## What this task involves
Copy each line of the data below exactly, leaving out pictures.

## Data
::::::::

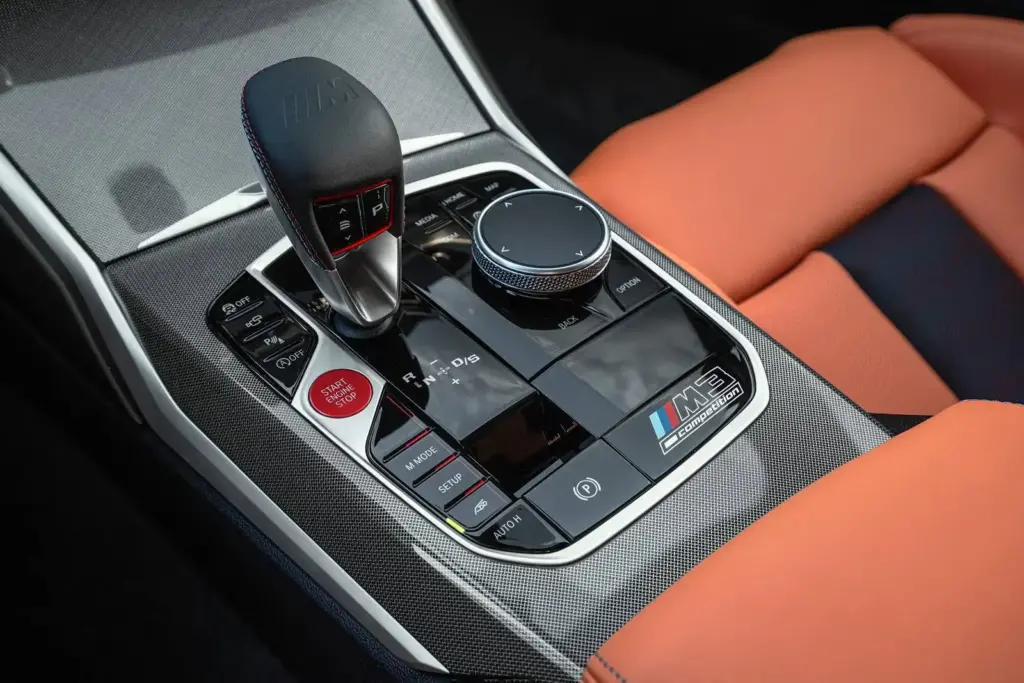 2024 BMW M3 Review: Is It Worth It? 9 image 50
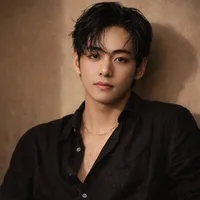 Kim Taehyung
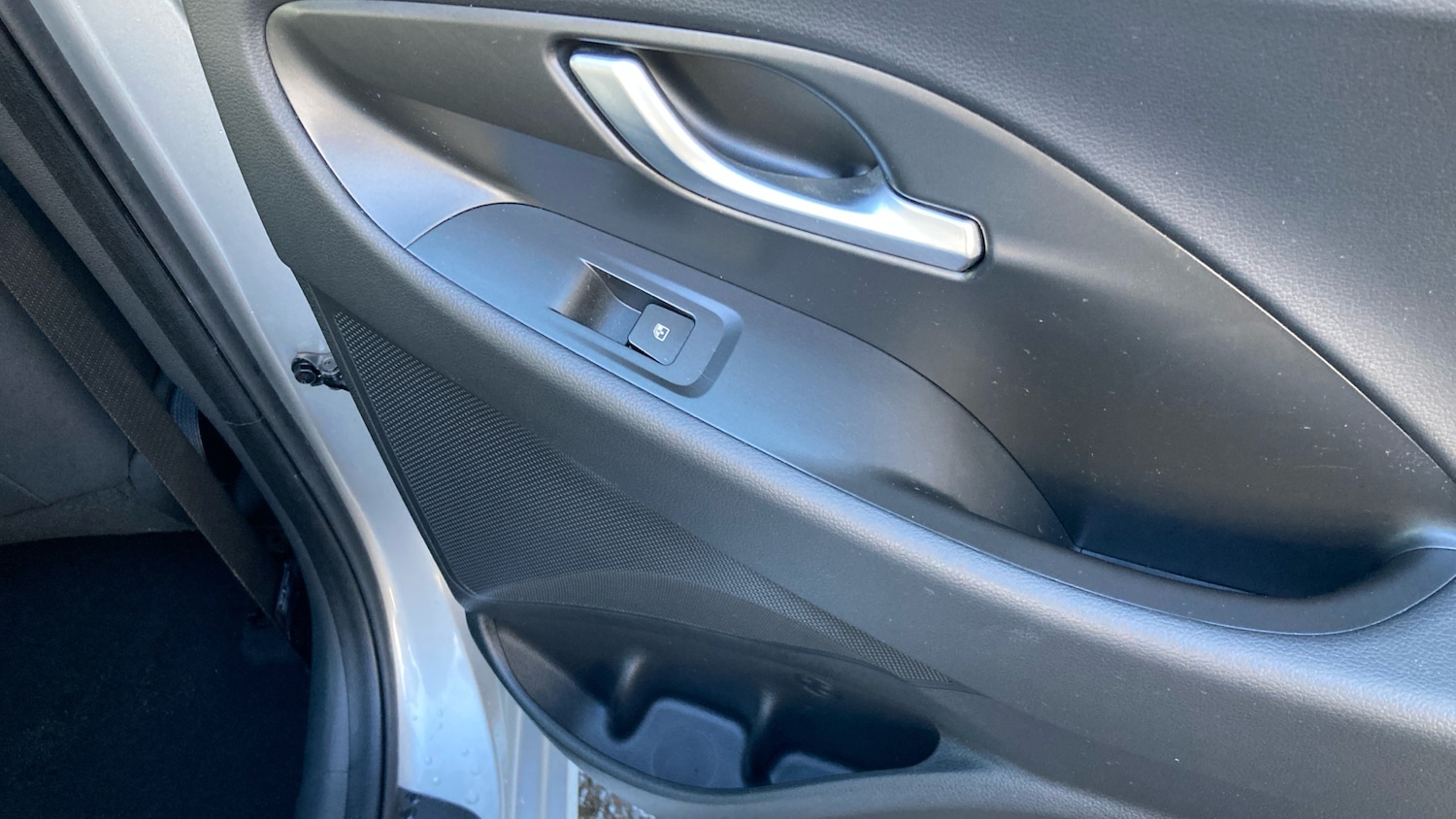 Used Hyundai i30 2017 for sale - 76352934: Photo 42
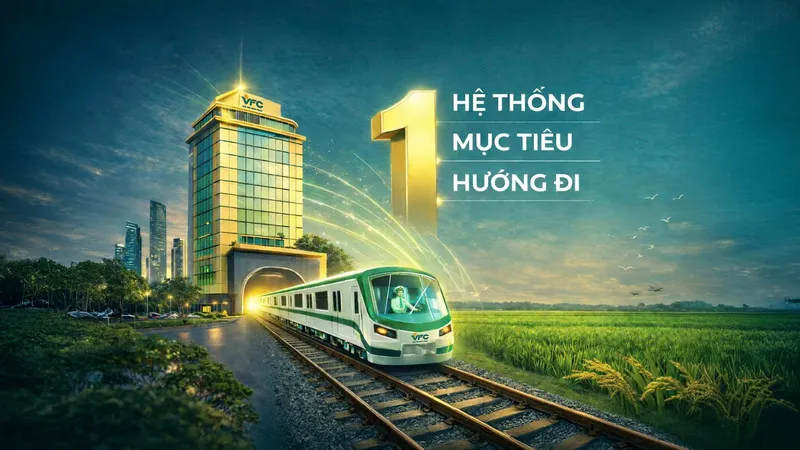 Sản phẩm 1 he thong 1 muc tieu 1 huong di — Công Ty Cổ Phần Khử Trùng Việt Nam - Chi Nhánh Đà Nẵng — MST 0302327629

::::::::

## Answer to this task
 2024 BMW M3 Review: Is It Worth It? 9 image 50
 Kim Taehyung
 Used Hyundai i30 2017 for sale - 76352934: Photo 42
 Sản phẩm 1 he thong 1 muc tieu 1 huong di — Công Ty Cổ Phần Khử Trùng Việt Nam - Chi Nhánh Đà Nẵng — MST 0302327629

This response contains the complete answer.